1. pre-trained neural network

The invention adopts the characteristic extraction module of the ResNet-50 neural network model as a basic framework for training the characteristic extraction neural network model, and reserves the ResNet-50 characteristic extraction module and network parameters obtained by pre-training the ResNet-50 characteristic extraction module on an Imagenet data set. The number of the network input variables is set as b, and the value of b is 32, 64 or 128.

At the same time, a labeled image training data set X is prepared and applied to the memory bank

Random initialization is performed.
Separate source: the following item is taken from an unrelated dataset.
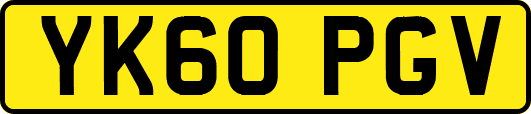 YK60PGV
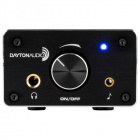 Dayton Audio DTA-120 mikrofrstrkare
Wherein the data set comprises n images with labels, n is an integral multiple of b,

is a matrix with the size of n multiplied by d, and d is a low-dimensional characteristic dimension and takes the value of 64, 128 or 256.
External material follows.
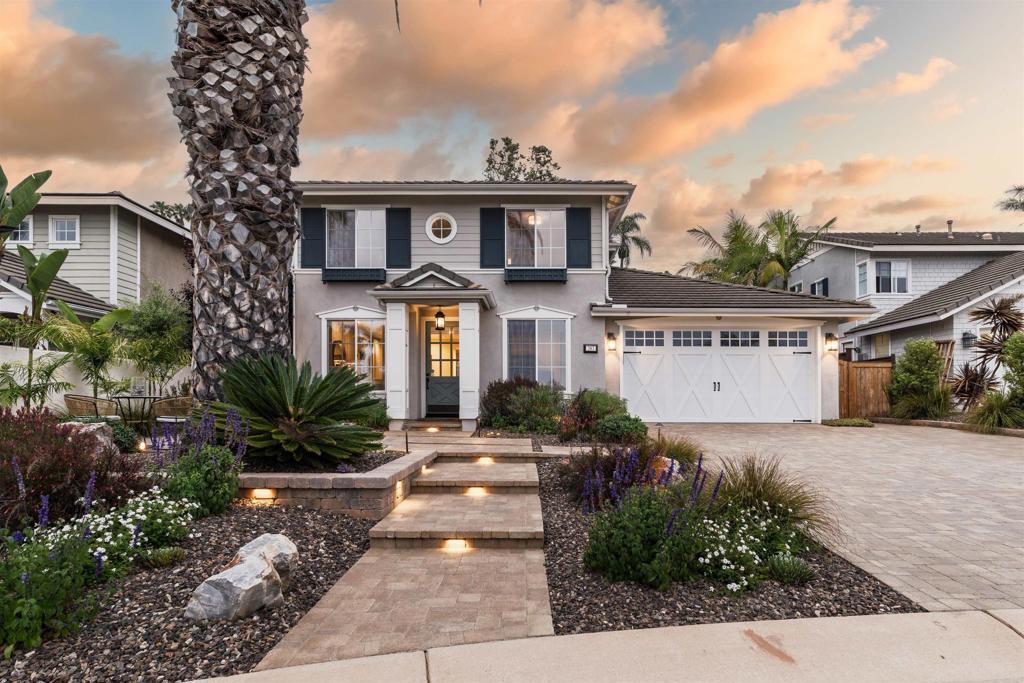 283 Rain Tree Drive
2. Training feature extraction network

Stochastic partitioning of a training data set X into t disjoint data subsets X₁、X₂、…、X_tAnd t is n/b, each subset comprises b images, each data subset is used as input of the pre-training feature extraction neural network model obtained in the step 1, an objective function is set as a similarity measurement function, and the learning rate is e^-5The number of training times was 50000 and the number of fading times was 10000. Optimizing by adopting an Adam algorithm, and updating network parameters, specifically:

(1) initializing a subset sequence number p to 1;

(2) calculating the feature vector and updating the memory bank:

the p-th data is sub-set X_pInputting the pre-training feature extraction obtained in the step 1Taking a neural network model, and outputting the low-dimensional feature V of the subset^pLet the ith image

Is a low-dimensional feature vector of

Press type memory bank matrix

The (p-1) th b + i row in (1) is updated:

wherein,

representing updated memory bank matrices

The (p-1) th b + i row vector of (a),

representing a memory-before-update bank matrix

(3) constructing a sample pair set:

for the p-th data subset X_pEach image in

Wherein, the positive sample set P_i ^pIncluding subset X_pAll of (A) and (B)
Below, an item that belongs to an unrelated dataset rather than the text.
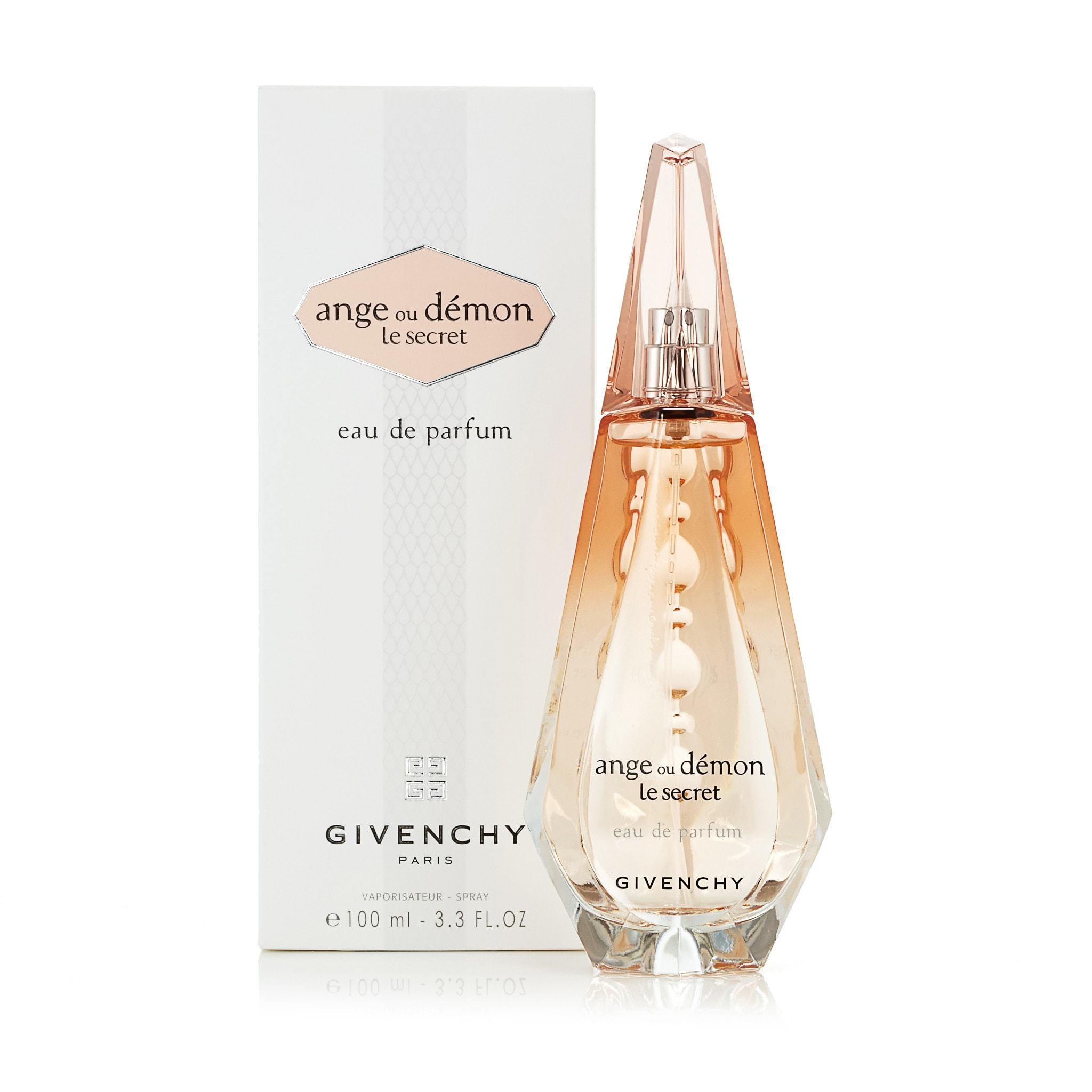 givenchy parfum ange ou demon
Image with same label, negative sample set

Including subset X_pAll of (A) and (B)

Images with different labels; and according to the image

Is labeled with its k neighbor image set

Divided into two sets

And

the k neighbor image set

Means the updated memory bank matrix

Neutral row vector

is formed by

Neutralization of

A set of images that are identical to the label of (a),

is formed by

Neutralization of

The images with different labels of (2) form a set;

(4) similarity measurement:

using low dimensional features V^pAnd corresponding sets

And (3) carrying out similarity measurement, and setting a similarity measurement function of the network as follows:

wherein L represents the metric loss; alpha represents the scale parameter for controlling the positive sample pair, and the value range is alpha belongs to [1,5 ]](ii) a Beta represents a scale parameter for controlling a negative sample pair, and the value range is beta belongs to [10,50 ]](ii) a λ represents interval, and its value range is λ ∈ [0.1,0.5 ]]；

Representing images

representing images

Low dimensional feature vectors and sets of

The number of images in the image data set is,

representing an image

Low dimensional feature vectors and collections

Zhongshi₃Inner product of low-dimensional feature vectors of the images,/₃1, …, K3, K3 represent the set

The number of images in the image data set is,

representing images

Low dimensional feature vectors and sets of

The number of images in (a).

(5) And (3) returning to the step (2), performing back propagation by adopting an Adam algorithm to update the network parameters to minimize the similarity metric value obtained in the previous step, when p is equal to t +1, randomly dividing the training data set X into t disjoint data subsets, taking the data subsets after the division as input, and returning to the step (1).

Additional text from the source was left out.